Cloudera experienced a critical incident on February 13, 2023 affecting Cloudera Management Console and Cloudera Management Console and 1 more component, lasting 2h 2m. The incident has been resolved; the full update timeline is below.
Affected components
Update timeline
- investigating Feb 13, 2023, 04:18 AM UTC
We're experiencing an elevated level of errors on CDP Control plane and are currently looking into the issue.
- investigating Feb 13, 2023, 05:08 AM UTC
We are continuing to investigate the issue. Please note this impacts the management operations of the workload clusters.
- identified Feb 13, 2023, 05:42 AM UTC
The issue has been identified and a fix is being implemented.
- identified Feb 13, 2023, 05:43 AM UTC
We are continuing to work on a fix for this issue.
- monitoring Feb 13, 2023, 05:50 AM UTC
A fix has been implemented and we are monitoring the results.
- resolved Feb 13, 2023, 06:20 AM UTC
This incident has been resolved and the CDP Control plane is working as expected. we will publish the RCA as soon as possible.

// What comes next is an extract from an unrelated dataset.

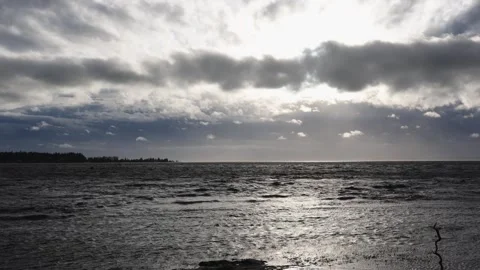 Dramatic Cloudscape over Ocean at Sunset with Glistening Waves Stock Footage 271199003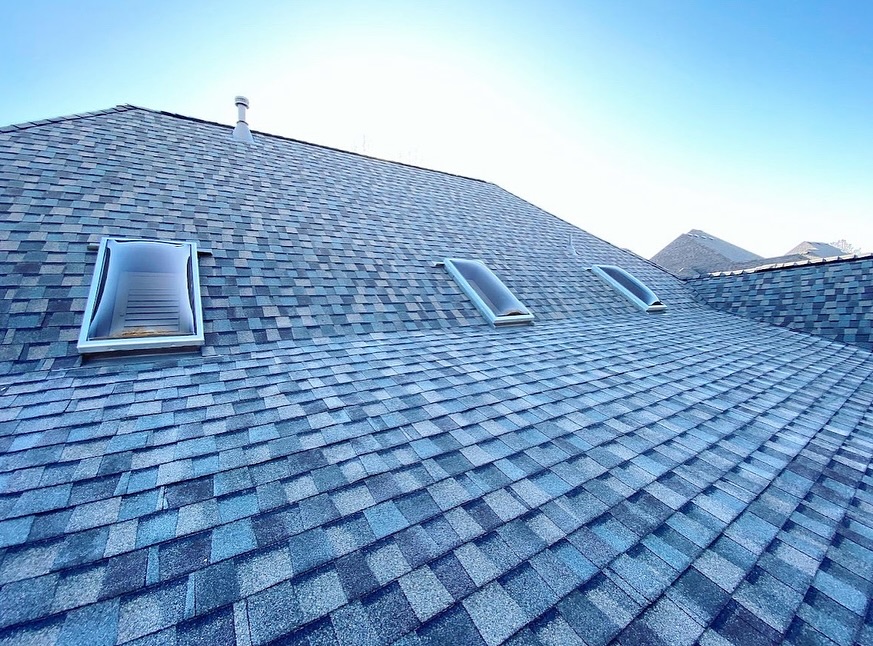 Residential asphalt shingle roof installation with skylights on a home in Southern Colorado completed by Patriot Roofing.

- postmortem Feb 16, 2023, 09:33 AM UTC
On Monday, February 13th at 04:18 UTC, Cloudera SRE detected a spike in errors related to the CDP Control plane management console. After investigation, it was determined that a recent production change had caused the outage. Although Cloudera follows strict software development lifecycle standards, an unforeseen bug due to complex dependencies was still encountered. The issue was resolved by rolling back to the previous version. To reduce the risk of similar issues in the future, we are improving our test suites, monitoring and dependency tracking to detect such scenarios as early in the development process as possible. Alongside also reviewing our rollback process to reduce mean time to recovery.